The Turkish protests that have drawn thousands of people into violent conflicts with police started when bulldozers arrived at tiny Taksim Gezi Park in Istanbul.

As freelance journalist Jennifer Hattam wrote on MNN sister site Treehugger, Gezi Park doesn't look like something that would inspire hundreds of thousands of people into action. It's just "a few square blocks of trees, paths, benches and fountains" that were "in need of some loving care."

But the neglect of the park — and the plan to bulldoze it to replace it with a shopping mall — symbolize what Hattam characterizes as "the utter lack of public input into how Turkey's cities are taking shape." She writes that ongoing construction in Istanbul has resulted in a great loss of the city's environmental character, with "historical neighborhoods razed, parkland infringed upon by developers, waterfront privatized, and beloved local institutions trampled."

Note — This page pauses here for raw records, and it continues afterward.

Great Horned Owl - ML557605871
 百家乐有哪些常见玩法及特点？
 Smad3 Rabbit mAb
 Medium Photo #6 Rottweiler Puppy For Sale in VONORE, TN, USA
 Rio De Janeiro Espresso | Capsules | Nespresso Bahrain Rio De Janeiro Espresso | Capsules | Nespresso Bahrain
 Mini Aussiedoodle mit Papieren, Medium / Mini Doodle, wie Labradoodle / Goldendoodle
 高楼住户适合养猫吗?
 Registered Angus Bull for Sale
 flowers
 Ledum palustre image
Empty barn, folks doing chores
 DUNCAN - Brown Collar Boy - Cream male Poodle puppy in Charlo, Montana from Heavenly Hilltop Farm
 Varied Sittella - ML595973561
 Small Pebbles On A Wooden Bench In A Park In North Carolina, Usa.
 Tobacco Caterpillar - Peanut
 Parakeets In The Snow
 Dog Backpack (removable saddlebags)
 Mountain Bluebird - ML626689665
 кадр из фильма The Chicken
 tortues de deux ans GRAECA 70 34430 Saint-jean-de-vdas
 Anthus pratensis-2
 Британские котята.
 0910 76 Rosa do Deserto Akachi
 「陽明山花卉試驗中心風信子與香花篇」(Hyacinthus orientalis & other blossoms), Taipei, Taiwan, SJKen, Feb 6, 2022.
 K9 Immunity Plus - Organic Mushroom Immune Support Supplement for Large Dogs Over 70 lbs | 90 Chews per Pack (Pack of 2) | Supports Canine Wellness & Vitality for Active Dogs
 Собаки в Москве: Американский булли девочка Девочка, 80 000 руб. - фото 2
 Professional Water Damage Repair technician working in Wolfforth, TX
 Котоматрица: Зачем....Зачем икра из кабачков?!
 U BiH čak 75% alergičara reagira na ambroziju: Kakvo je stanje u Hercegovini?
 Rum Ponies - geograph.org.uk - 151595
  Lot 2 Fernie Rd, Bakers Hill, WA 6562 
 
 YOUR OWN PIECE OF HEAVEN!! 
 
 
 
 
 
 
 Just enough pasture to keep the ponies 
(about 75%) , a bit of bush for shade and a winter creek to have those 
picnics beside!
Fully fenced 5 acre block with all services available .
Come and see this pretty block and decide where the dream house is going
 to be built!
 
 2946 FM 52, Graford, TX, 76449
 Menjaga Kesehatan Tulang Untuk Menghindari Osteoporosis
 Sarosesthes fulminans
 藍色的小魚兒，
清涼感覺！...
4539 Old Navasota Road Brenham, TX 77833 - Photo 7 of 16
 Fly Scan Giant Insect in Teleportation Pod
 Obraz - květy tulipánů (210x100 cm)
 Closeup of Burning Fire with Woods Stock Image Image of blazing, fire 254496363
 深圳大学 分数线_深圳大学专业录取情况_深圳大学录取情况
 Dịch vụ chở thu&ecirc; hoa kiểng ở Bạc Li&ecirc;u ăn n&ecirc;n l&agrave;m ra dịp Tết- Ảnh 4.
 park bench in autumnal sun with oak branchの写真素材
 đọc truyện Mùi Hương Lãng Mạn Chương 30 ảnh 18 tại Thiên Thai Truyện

Hattam blames Turkish Prime Minister Recep Tayyip Erdoğan, who has pushed forward projects almost no public notice and no input process from the public. Even so, there wasn't a huge amount of protest about the planned Gezi Park at first. Only 50 or protestors showed up to try to block the bulldozers. But when police tear-gassed protestors and with doused them with water cannons last week, it lit a match to the powder keg of national resentment that had been building throughout the country.

Although protests have broken out all over Turkey — and supportive demonstrations have popped up around the world — much of the effort in Istanbul has been focused on reclaiming Gezi Park from police. As one protestor told the German news site Deutsche Welle, "The park is just a symbol for us. If we can manage to secure the park, then we can also win on other political things. We will continue to fight if necessary because we don't think the police are going to stop."

Gezi Park is reportedly one of the few green areas left in Istanbul. Scientific studies have shown that parks and other green urban spaces create happier populations. The Turkish government, in its quest for modernization, appears to have forgotten that.